Perché si tradisce?
L’io, analogamente, è vulnerabilità. Dimensioni dell’essere quali la sincerità o la franchezza rimandano all’universo dello scoprirsi totalmente indifesi e dell’essere dati in balìa dell’altro. Levinas può quindi sostenere che la franchezza espone fino alla ferita. A. Carotenuto (Amare Tradire, 1994)
Salve, sono una ragazza di 17 anni e sto con il mio ragazzo da tre mesi, da poco ho scoperto che lui che mi ha mentito sul suo passato (perché se ne vergognava e non voleva pensassi male di lui). Si è sinceramente scusato e io ho deciso di perdonarlo. Adesso però vivo e sto con lui con la costante paura che le cose tra di noi non possano funzionare. Litighiamo spesso perché dice cose impulsive e io divento permalosa. Non so più cosa fare, io ci tengo e voglio provarci, ma ho paura che siamo incompatibili.
Un rapporto d’amore si basa sulla fiducia reciproca. Spesso, al perdono seguono le liti proprio perché si è tradito qualcosa di importante, si è ingannata la relazione. E quando l’altro mente…
Il tradimento, in definitiva, rappresenta un inganno e all’interno di un rapporto affettivo la paura che ciò possa riaccadere esprime proprio il legame profondo che si è strutturato tra due persone.
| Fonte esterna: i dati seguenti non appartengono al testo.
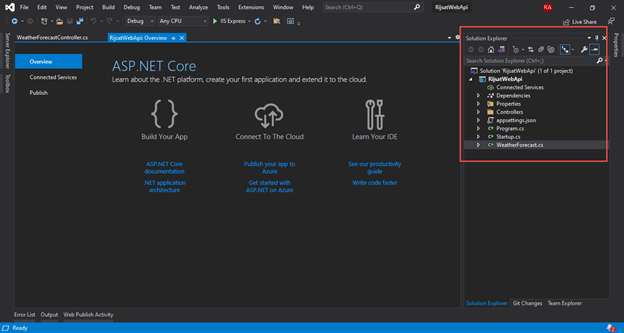 How to: Extend Web API Controller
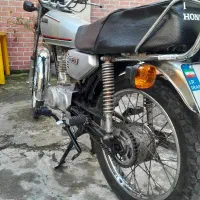 هوندا ۱۲۵ مدل ۹۰ فوری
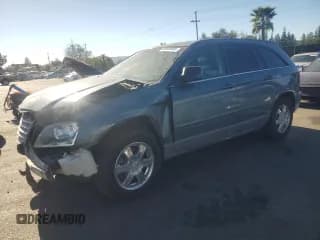 ✅ 2006 Chrysler Pacifica Touring • VIN: 2A4GM68456R763265 • Lot: 90948695. Wystawiony na Copart z przebiegiem 238 384 mil. Bezpłatny archiwum sprzedaży aukcyjnych z USA i szczegółowy raport historii pojazdu na DreamBid. Zdjęcie 1.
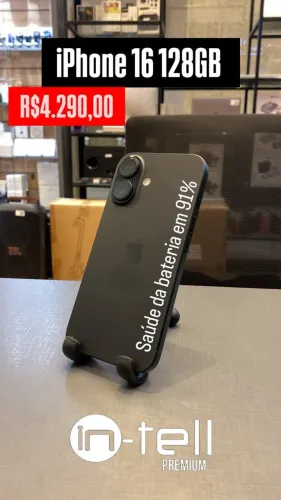 iPhone 16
Chi ama è sempre timoroso e lo è poiché accetta che il ‘fallimento possa accedere nella propria esistenza’. Ci si affida, ci si abbandona e le aspettative reciproche nel rapporto sono alte.
La prima esperienza di un legame basato sulla fiducia si realizza con la propria madre. La simbiosi vissuta col bambino nella fase della gravidanza e poi del parto, con l’accoglimento e la nutrizione, rappresentano il senso del condividere emotivamente sentimenti di reciproca lealtà. Se una madre tradisce, rifiuta il vincolo, allora il bambino crescerà diffidente e con gravi carenze sul piano relazionale. Si sentirà abbandonato, disatteso, non importante e, di conseguenza, avrà difficoltà a legarsi abbandonandosi totalmente all’amore e all’affetto nei confronti dell’altro.
Ma perché si mente?
Si mente perché si ha paura di non essere accettati per quello che si è, per come si è fatti e per gli errori commessi in un eventuale passato. Si illude l’altro/a di essere come lui/lei si aspetta senza considerare che l’unicità del proprio essere è l’elemento principale della scelta.
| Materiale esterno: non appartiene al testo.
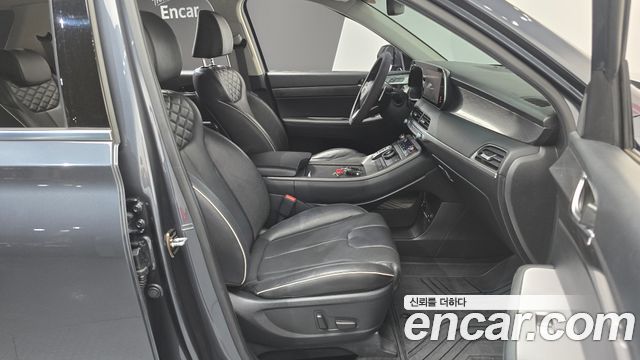 Hyundai Palisade Gasoline 3.8 2WD Prestige 2021 — фото 26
Il confessare a posteriori la propria ‘identità’ è un modo per ovviare al rifiuto iniziale con la conseguenza, poi, di ottenere l’effetto contrario poiché si mina il terreno della stima reciproca. Il giudizio è, inoltre, prevalentemente soggettivo. Il giudice più importante è dentro di noi e ciò che pensiamo non necessariamente corrisponde a quello che pensa l’altro di noi o della situazione in generale… Solo chi ha ferito, quindi, è in grado di guarire.
Il divenire capaci di costruire la propria vita sul presupposto di una sacra fedeltà alle proprie inclinazioni individuali è una possibilità fondata sulla “fiducia primaria” quale esperienza originaria di nutrimento, rispecchiamento ed empatia che una madre sana non riesce a dare al bambino (A. Carotenuto,1994).
È quindi fondamentale riuscire ad essere se stessi anche se questo comporta possibili rifiuti o abbandoni. Attraverso queste esperienze, seppur significative dal punto di vista emotivo, riusciamo a sviluppare il senso della relazione, del rispetto di noi stessi e dell’amore di sé.